(RECORDED DATA Opens)

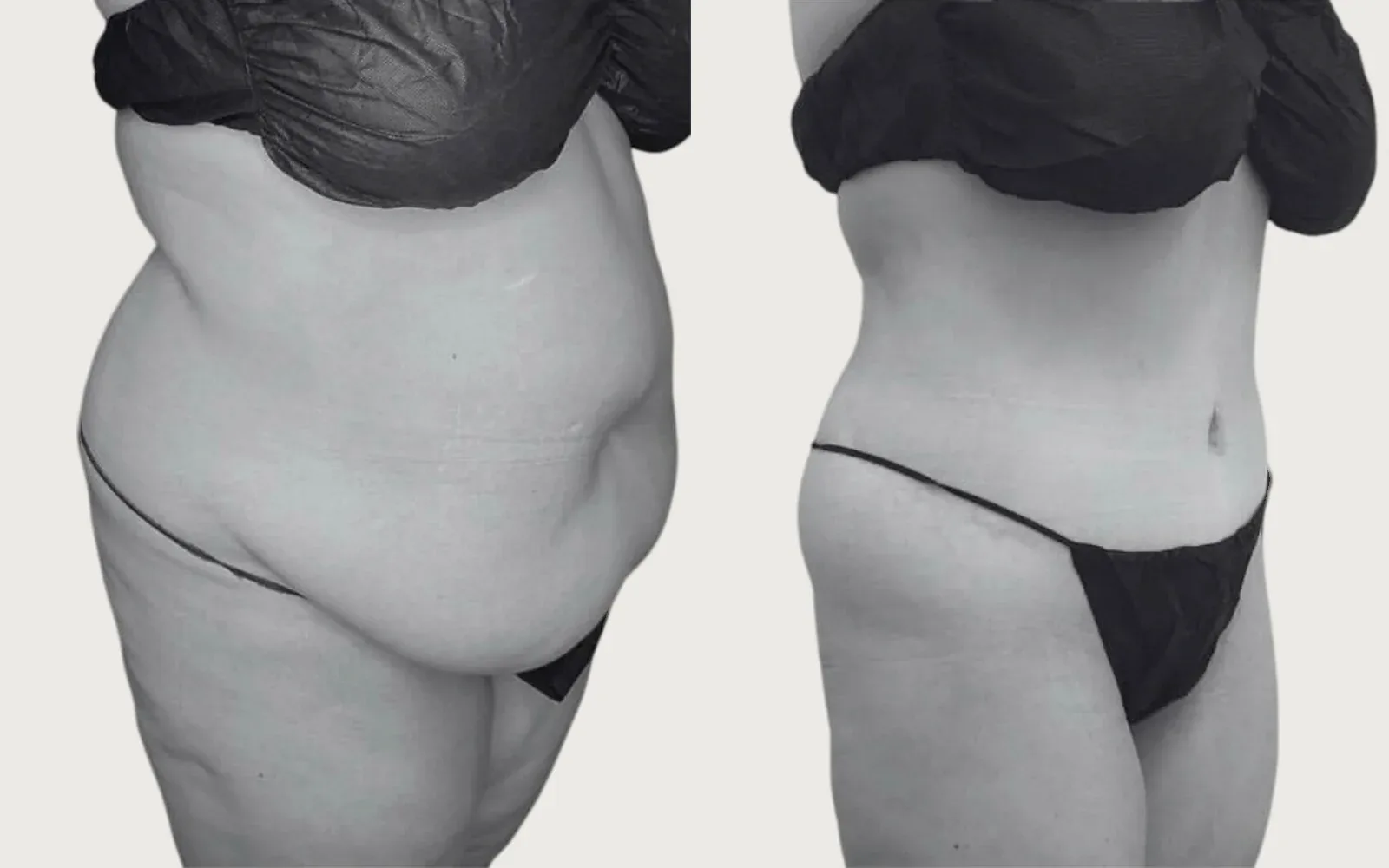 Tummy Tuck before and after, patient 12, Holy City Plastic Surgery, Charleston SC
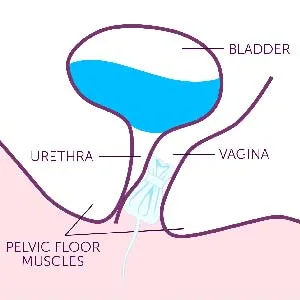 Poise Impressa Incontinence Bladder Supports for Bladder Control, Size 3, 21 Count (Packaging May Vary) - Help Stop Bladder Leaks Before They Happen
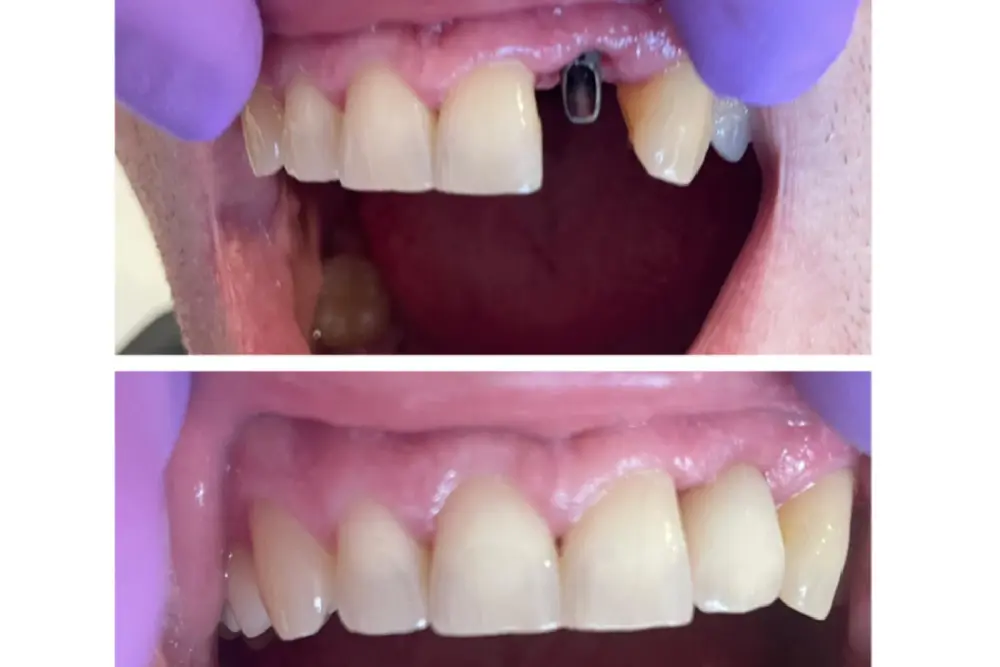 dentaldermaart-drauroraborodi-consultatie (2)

(RECORDED DATA Closes)

When you output the listing, reproduce it exactly but drop its pictures.

 Tummy Tuck before and after, patient 12, Holy City Plastic Surgery, Charleston SC
 Poise Impressa Incontinence Bladder Supports for Bladder Control, Size 3, 21 Count (Packaging May Vary) - Help Stop Bladder Leaks Before They Happen
 dentaldermaart-drauroraborodi-consultatie (2)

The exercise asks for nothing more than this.